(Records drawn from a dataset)
>>>>>

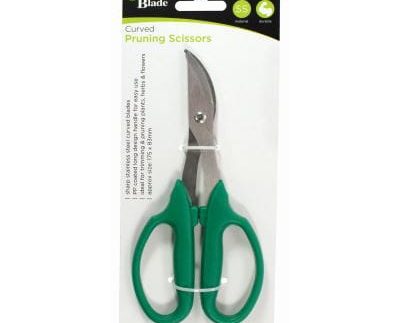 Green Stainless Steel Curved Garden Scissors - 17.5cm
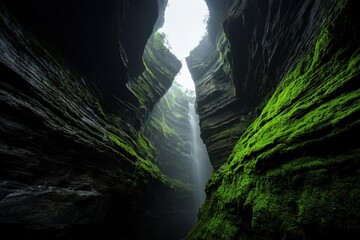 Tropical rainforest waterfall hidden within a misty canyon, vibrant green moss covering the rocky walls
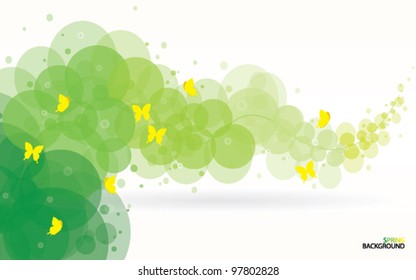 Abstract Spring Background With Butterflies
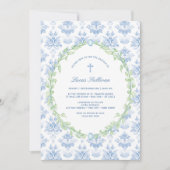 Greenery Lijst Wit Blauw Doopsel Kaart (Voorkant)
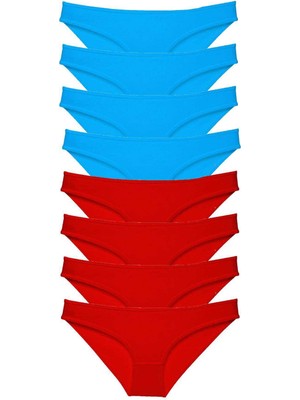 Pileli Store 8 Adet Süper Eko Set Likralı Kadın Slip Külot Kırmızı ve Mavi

<<<<<

### INSTRUCTIONS FOR THE TASK
Each record should be printed exactly as it appears, leaving the pictures out.

### YOUR SOLUTION
 Green Stainless Steel Curved Garden Scissors - 17.5cm
 Tropical rainforest waterfall hidden within a misty canyon, vibrant green moss covering the rocky walls
 Abstract Spring Background With Butterflies
 Greenery Lijst Wit Blauw Doopsel Kaart (Voorkant)
 Pileli Store 8 Adet Süper Eko Set Likralı Kadın Slip Külot Kırmızı ve Mavi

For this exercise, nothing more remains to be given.